Each chapter is a story with a message. They are coyly titled “AL-truisms,” numbered 1 through 16. Each is interesting and/or amusing, pithy, and thought-provoking:

Assumptions Are NOT Your friend.

If You’re Gonna Cry, Know How to Cry

Keep Your Day Job

Know the Cards and Play Your Best Hand

You Encounter More Personalities Than People

A Spoonful of Humor Helps Everything Go Down

Madness without Reason Is Straight-Up Insanity

Get Your Piece of the Pie

Crying in Your Oatmeal-Soy-Almond Latte Never Helps Anything

Get Up an Hour Before You Need To

Don’t Goober Smoocher

Unless You’re *Literally* the Sun, Work Doesn’t Revolve Around You

You Don’t Need to Be the Top Banana

Don’t Freak Out

Never Say No and Say Yes

Build Your Own A-Team

Follow any one of these premises and guaranteed your life will improve.

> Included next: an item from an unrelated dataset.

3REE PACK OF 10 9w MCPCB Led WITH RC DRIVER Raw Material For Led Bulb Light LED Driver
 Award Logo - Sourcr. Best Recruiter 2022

Throughout the book, Roker is conscious of the changes that have occurred from his own youth to today’s youth. The only disdain that creeps into the narrative comes in this area. Sometimes it’s self-deprecating:

“The AV club guys were my people and we were pretty tight. Let’s face it, who would want to hang with us? Today we would be the internet geeks, running the school website, proficient in coding, video games, and not getting girls. In 1968, it was multi-media rather than social media.”

Other times, it’s general-youth-deprecating:

“It’s easy nowadays to forget that film must be developed, because today teenagers are earning an income equal to the GDP of a mid-sized European country by creating YouTube videos of themselves putting on makeup. But the pre-Tubers like us had to think long and hard about what we wanted to shoot before pressing the button on any camera.”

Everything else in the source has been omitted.